Mitoyo (三豊市, Mitoyo-shi) is a city located in Kagawa Prefecture, Japan. As of 31 September 2022, the city had an estimated population of 59,876 in 23024 households and a population density of 270 persons per km^{2}. The total area of the city is 222.73 sqkm.

==Geography==
Mitoyo is located in western Kagawa Prefecture. It faces the Seto Inland Sea to the north and borders Tokushima Prefecture across the Sanuki Mountains to the south. In the north, the Shonai Peninsula with Mt. Shiude and Mt. Myoken stretches out to the northwest. Some coastal parts of the city are within the borders of the Setonaikai National Park. The city includes Awashima Island and Shishijima in the Seto Inland Sea between Shikoku and Honshu.

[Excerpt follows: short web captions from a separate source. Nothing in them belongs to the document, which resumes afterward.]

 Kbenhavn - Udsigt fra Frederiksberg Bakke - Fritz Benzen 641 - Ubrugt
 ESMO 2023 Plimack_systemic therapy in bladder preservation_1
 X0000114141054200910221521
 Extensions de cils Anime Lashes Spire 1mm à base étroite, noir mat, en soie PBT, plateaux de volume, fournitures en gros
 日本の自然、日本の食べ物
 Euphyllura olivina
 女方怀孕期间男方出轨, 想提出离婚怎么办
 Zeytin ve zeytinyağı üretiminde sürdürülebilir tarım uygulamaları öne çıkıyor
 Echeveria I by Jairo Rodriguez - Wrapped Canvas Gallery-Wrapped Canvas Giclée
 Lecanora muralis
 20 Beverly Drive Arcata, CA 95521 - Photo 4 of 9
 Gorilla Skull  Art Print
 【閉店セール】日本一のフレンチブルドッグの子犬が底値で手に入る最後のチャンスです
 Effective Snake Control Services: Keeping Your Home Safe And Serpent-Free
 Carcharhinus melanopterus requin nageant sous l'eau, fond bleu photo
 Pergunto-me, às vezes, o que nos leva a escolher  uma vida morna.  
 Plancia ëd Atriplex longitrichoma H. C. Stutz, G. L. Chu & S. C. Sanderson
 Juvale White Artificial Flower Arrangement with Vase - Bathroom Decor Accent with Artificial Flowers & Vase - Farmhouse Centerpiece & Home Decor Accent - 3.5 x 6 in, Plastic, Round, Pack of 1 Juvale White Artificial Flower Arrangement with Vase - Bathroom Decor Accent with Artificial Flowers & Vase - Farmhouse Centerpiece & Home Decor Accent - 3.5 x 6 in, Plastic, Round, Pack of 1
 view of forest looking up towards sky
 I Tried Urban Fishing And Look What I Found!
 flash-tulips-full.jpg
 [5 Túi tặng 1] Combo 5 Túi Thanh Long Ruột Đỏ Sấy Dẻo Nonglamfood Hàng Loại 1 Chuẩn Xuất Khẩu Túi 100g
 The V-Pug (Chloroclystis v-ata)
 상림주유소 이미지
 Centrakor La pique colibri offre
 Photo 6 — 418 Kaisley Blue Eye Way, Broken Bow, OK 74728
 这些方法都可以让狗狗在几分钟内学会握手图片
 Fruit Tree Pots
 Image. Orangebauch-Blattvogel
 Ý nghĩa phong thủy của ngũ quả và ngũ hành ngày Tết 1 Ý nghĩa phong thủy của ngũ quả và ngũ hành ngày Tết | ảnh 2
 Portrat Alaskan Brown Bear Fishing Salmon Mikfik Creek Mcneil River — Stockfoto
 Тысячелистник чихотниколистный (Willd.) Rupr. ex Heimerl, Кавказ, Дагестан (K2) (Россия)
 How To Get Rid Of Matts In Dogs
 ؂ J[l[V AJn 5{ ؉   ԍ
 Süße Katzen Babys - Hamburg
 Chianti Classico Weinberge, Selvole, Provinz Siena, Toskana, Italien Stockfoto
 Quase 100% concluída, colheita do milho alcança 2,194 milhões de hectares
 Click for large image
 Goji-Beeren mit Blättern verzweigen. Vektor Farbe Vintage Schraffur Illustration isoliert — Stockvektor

=== Neighbouring municipalities ===
Kagawa Prefecture
- Kan'onji
- Kotohira
- Mannō
- Tadotsu
- Zentsuji
Tokushima Prefecture
- Higashimiyoshi
- Miyoshi

===Climate===
Mitoyo has a humid subtropical climate (Köppen climate classification Cfa) with hot, humid summers, and cool winters. Some rain falls throughout the year, but the months from May to September have the heaviest rain. The average annual temperature in Mitoyo is 15.3 C. The average annual rainfall is 1279.7 mm with July as the wettest month. The temperatures are highest on average in August, at around 27.1 C, and lowest in January, at around 4.5 C. The highest temperature ever recorded in Mitoyo was 40.0 C on 3 August 2026; the coldest temperature ever recorded was -9.1 C on 4 February 1999.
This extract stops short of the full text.